- _THE PROBLEM_
Starting with the line below that holds "نجمة معدنية لامعة لتزيين شجرة الكريسماس ذهبي" and stopping after the line that holds "District White Metal and Elm Wood Stool", transcribe the lines exactly, leaving out all pictures.

- _INFORMATION SHOWN_
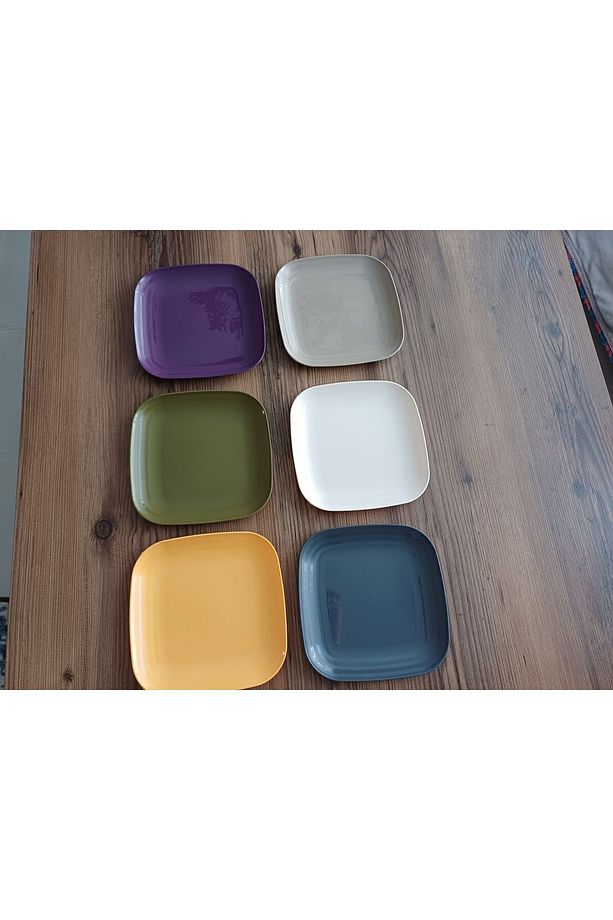 Plastik 6`lı Kahvaltı Tabağı, Piknik Tabağı, Renkli Tabak 6 Renk - 3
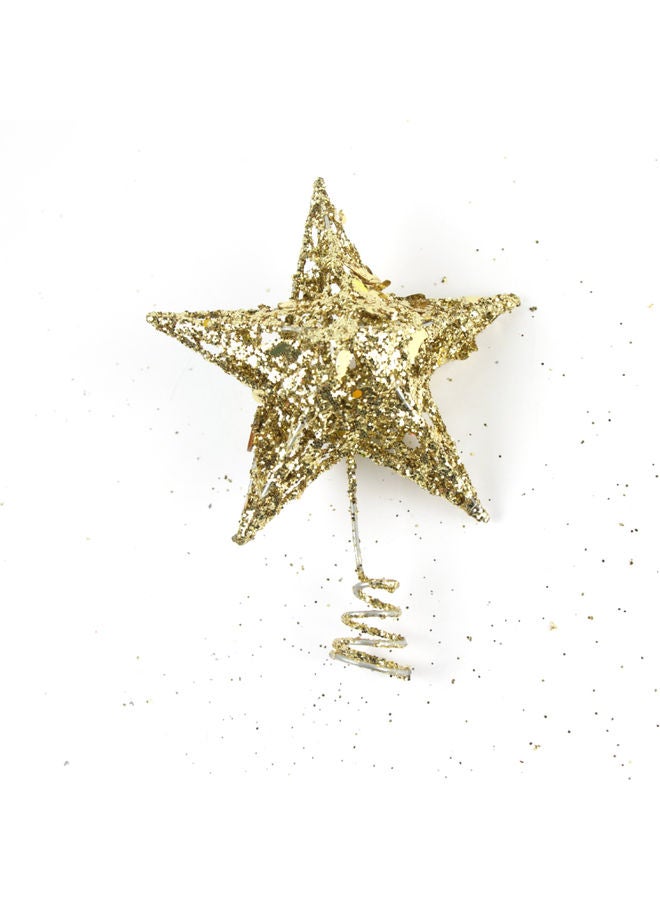 نجمة معدنية لامعة لتزيين شجرة الكريسماس ذهبي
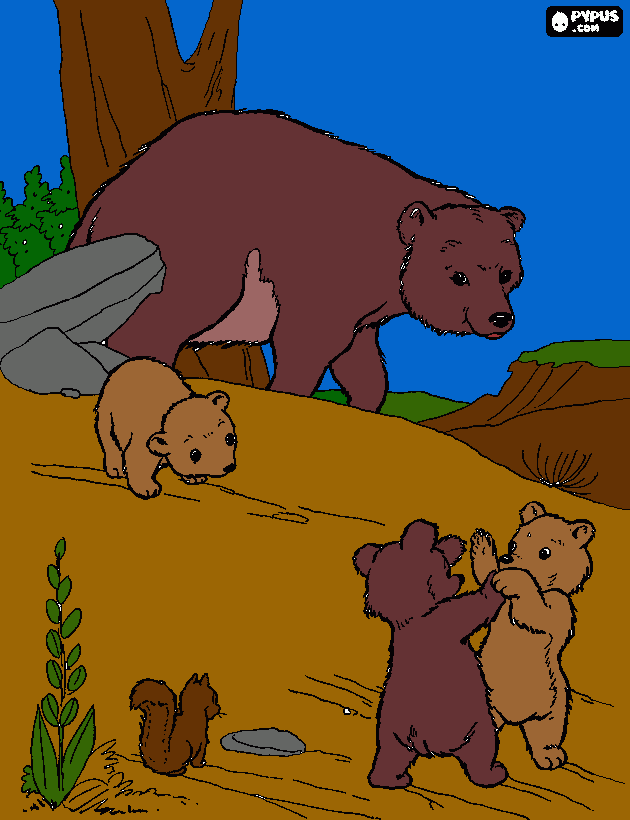 Mamma orsa e i suoi cuccioli da colorare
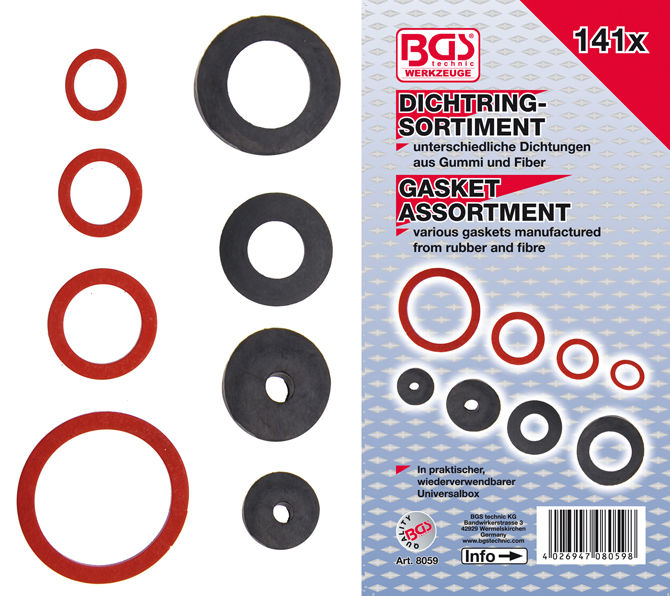 Těsnící kroužky - guma, fiber a klingerit BGS108059 (Sada 141 dílů v PVC kazetě)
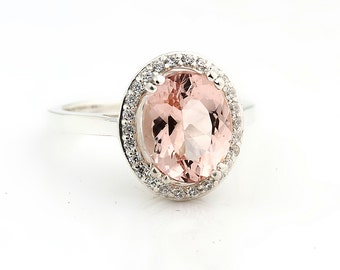 Natural AAA 10x8mm Pink Morganite  Solid 14K White Gold Diamond engagement  Halo Ring - Gem829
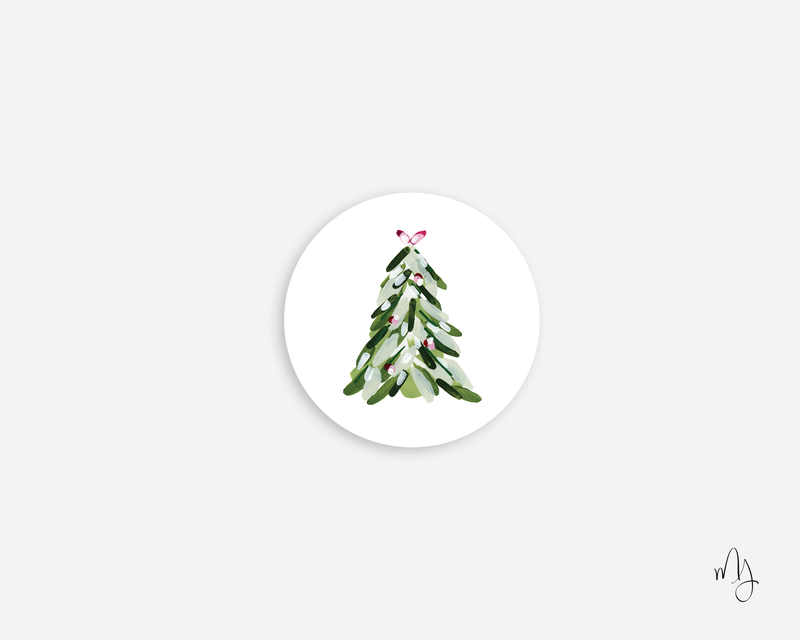 Christmas Tree Round Sticker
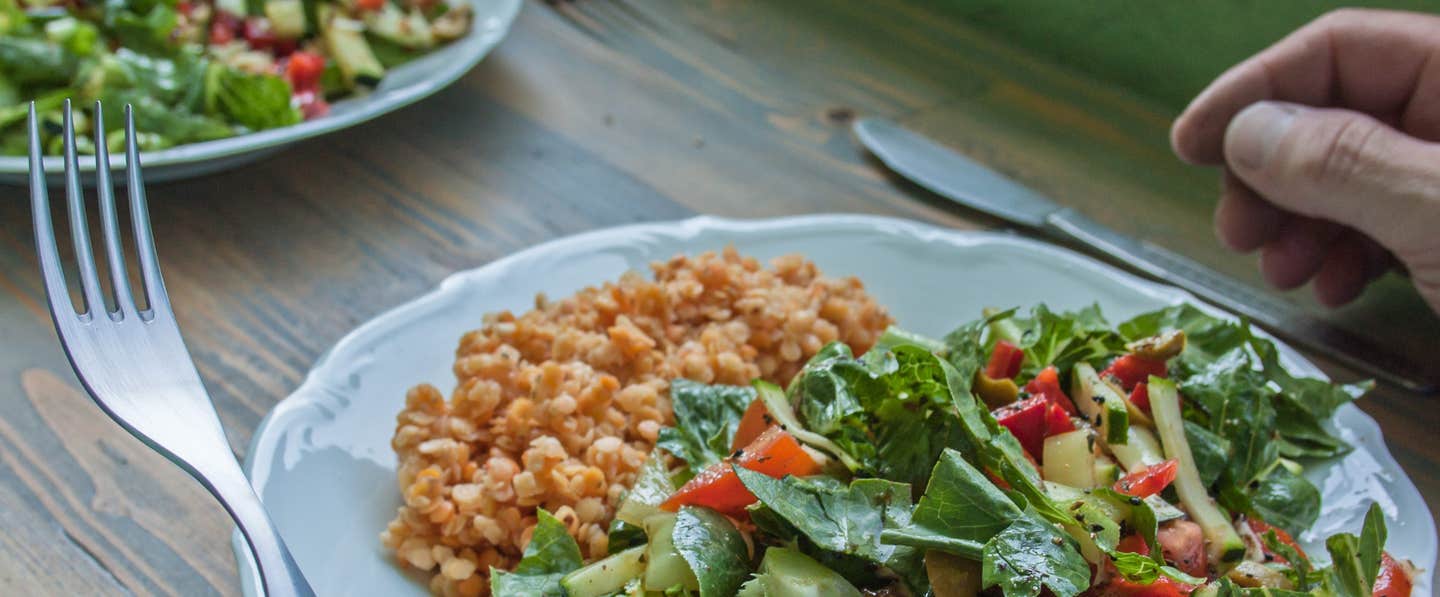 lentils and salad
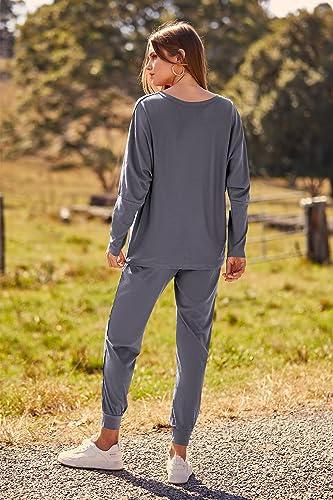 PRETTYGARDEN Women's 2023 Fall Fashion Outfits 2 Piece Sweatsuit Solid Color Long Sleeve Pullover Long Pants (Grey Blue,X-Large)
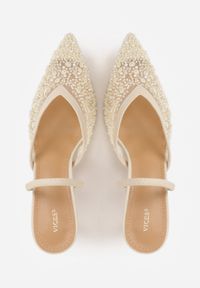 Renee - Beżowe Cekinowe Czółenka VICES Slingback na Szpilce z Noskiem w Szpic Ozdobione Perłami i Koralikami Kleomene. Kolor: beżowy. Materiał: jeans. Wzór: aplikacja. Obcas: na szpilce. Styl: elegancki #6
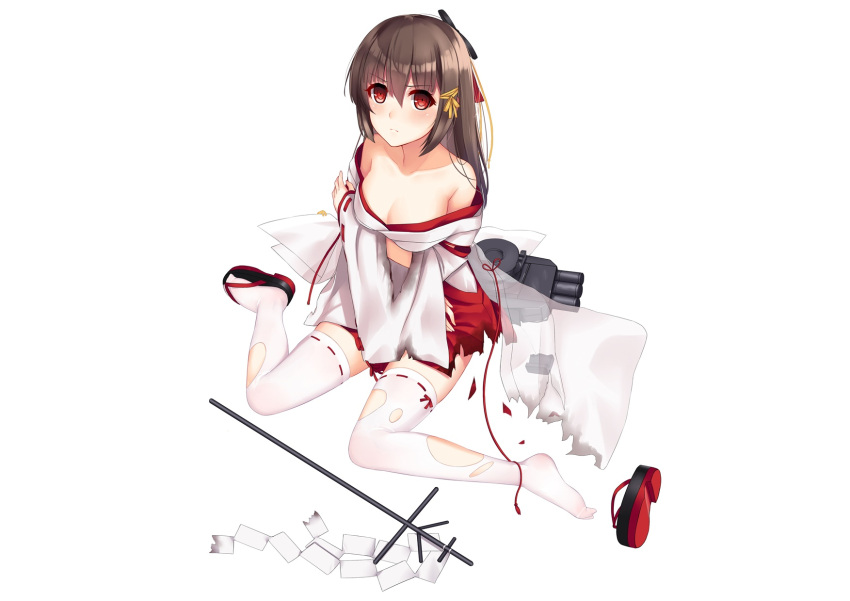 1girl allenes bare_shoulders blush breasts brown_hair cleavage closed_mouth collarbone eyebrows_visible_through_hair frown highres japanese_clothes long_hair looking_at_viewer medium_breasts miko official_art red_eyes red_skirt sandals shikinami_(zhan_jian_shao_nyu) simple_background sitting skirt solo thigh-highs torn_clothes torn_skirt torn_thighhighs white_background white_legwear zhan_jian_shao_nyu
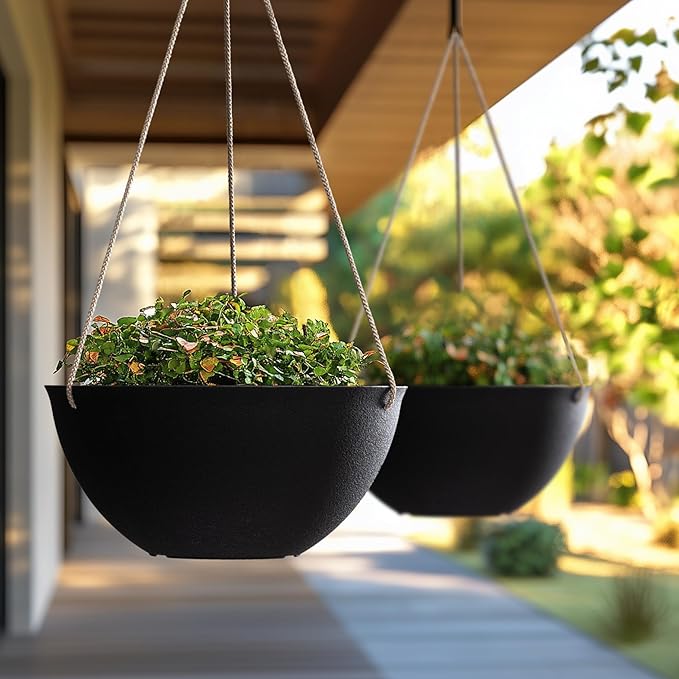 LA JOLIE MUSE Hanging Planters for Outdoor Plants, Large Hanging Planter with Drain Holes, Black Hanging Flower Pots (13.2 Inch, Set of 2)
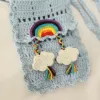 Sacs faits à la main cottagèse crochet tricot à crochet à floral sac girly femelle lolita petit mini sac de téléphone mignon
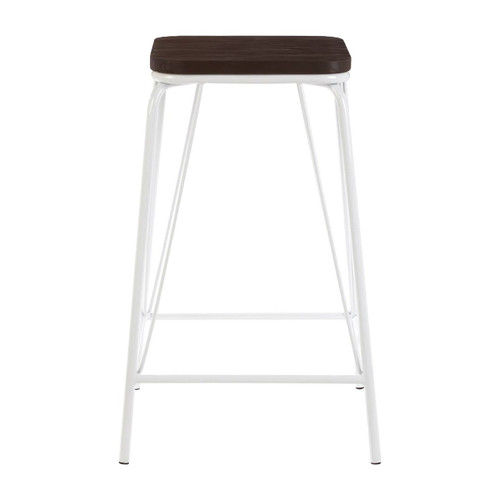 District White Metal and Elm Wood Stool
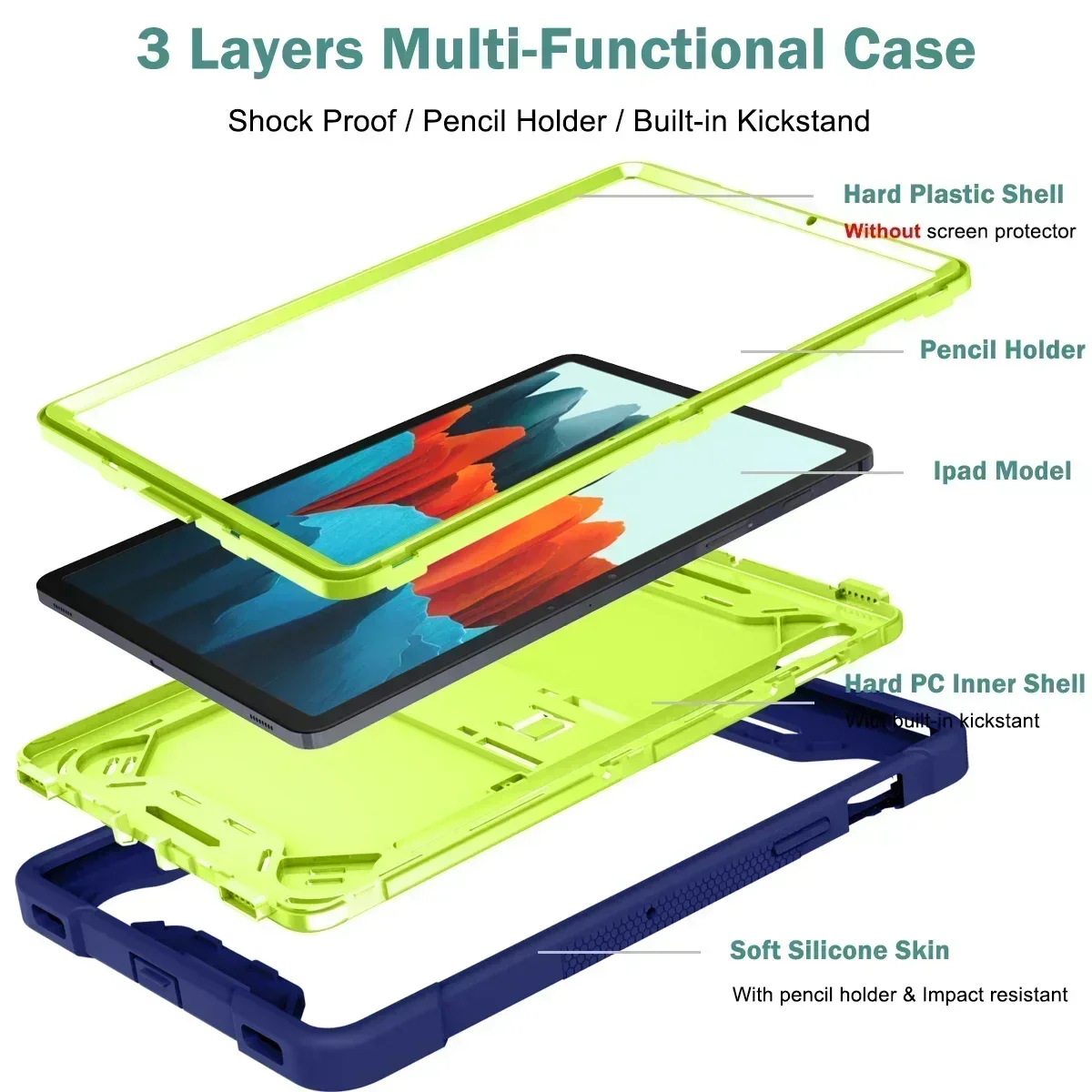 Coque blindée en silicone avec support antichoc, étui pour Samsung Galaxy Tab A 10.1 A8 10.5 Galaxy Tab S7 S8 plus 12.4 11 s6 rapDuty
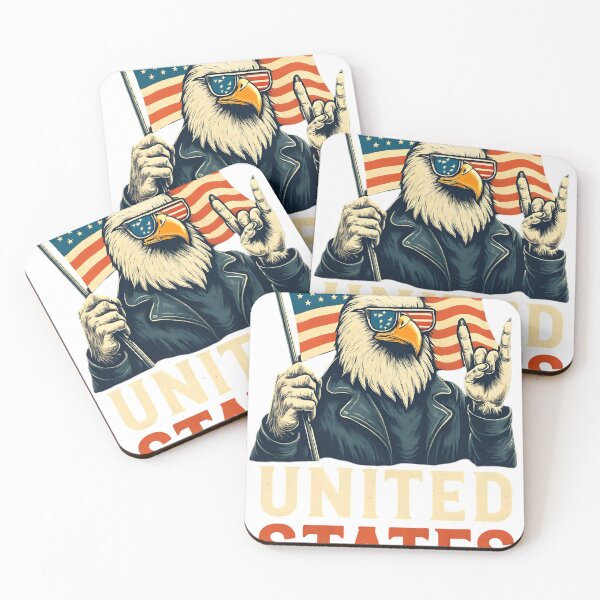 Item preview, Patriotic Bald Eagle – United States Rock Style Illustration designed and sold by DanielULaN Artworks.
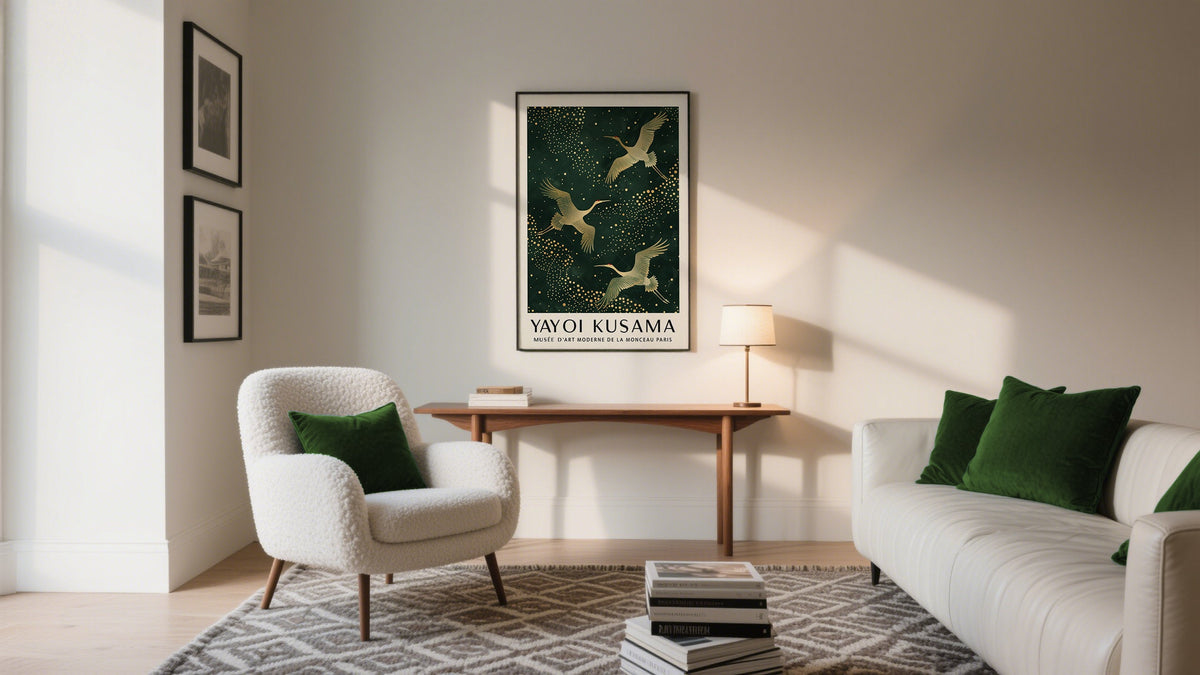 Beautiful Living Room Wall Decor of Gold Crane Birds in flight set behind a green background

- _EXERCISE SOLUTION_
 نجمة معدنية لامعة لتزيين شجرة الكريسماس ذهبي
 Mamma orsa e i suoi cuccioli da colorare
 Těsnící kroužky - guma, fiber a klingerit BGS108059 (Sada 141 dílů v PVC kazetě)
 Natural AAA 10x8mm Pink Morganite  Solid 14K White Gold Diamond engagement  Halo Ring - Gem829
 Christmas Tree Round Sticker
 lentils and salad
 PRETTYGARDEN Women's 2023 Fall Fashion Outfits 2 Piece Sweatsuit Solid Color Long Sleeve Pullover Long Pants (Grey Blue,X-Large)
 Renee - Beżowe Cekinowe Czółenka VICES Slingback na Szpilce z Noskiem w Szpic Ozdobione Perłami i Koralikami Kleomene. Kolor: beżowy. Materiał: jeans. Wzór: aplikacja. Obcas: na szpilce. Styl: elegancki #6
 1girl allenes bare_shoulders blush breasts brown_hair cleavage closed_mouth collarbone eyebrows_visible_through_hair frown highres japanese_clothes long_hair looking_at_viewer medium_breasts miko official_art red_eyes red_skirt sandals shikinami_(zhan_jian_shao_nyu) simple_background sitting skirt solo thigh-highs torn_clothes torn_skirt torn_thighhighs white_background white_legwear zhan_jian_shao_nyu
 LA JOLIE MUSE Hanging Planters for Outdoor Plants, Large Hanging Planter with Drain Holes, Black Hanging Flower Pots (13.2 Inch, Set of 2)
 Sacs faits à la main cottagèse crochet tricot à crochet à floral sac girly femelle lolita petit mini sac de téléphone mignon
 District White Metal and Elm Wood Stool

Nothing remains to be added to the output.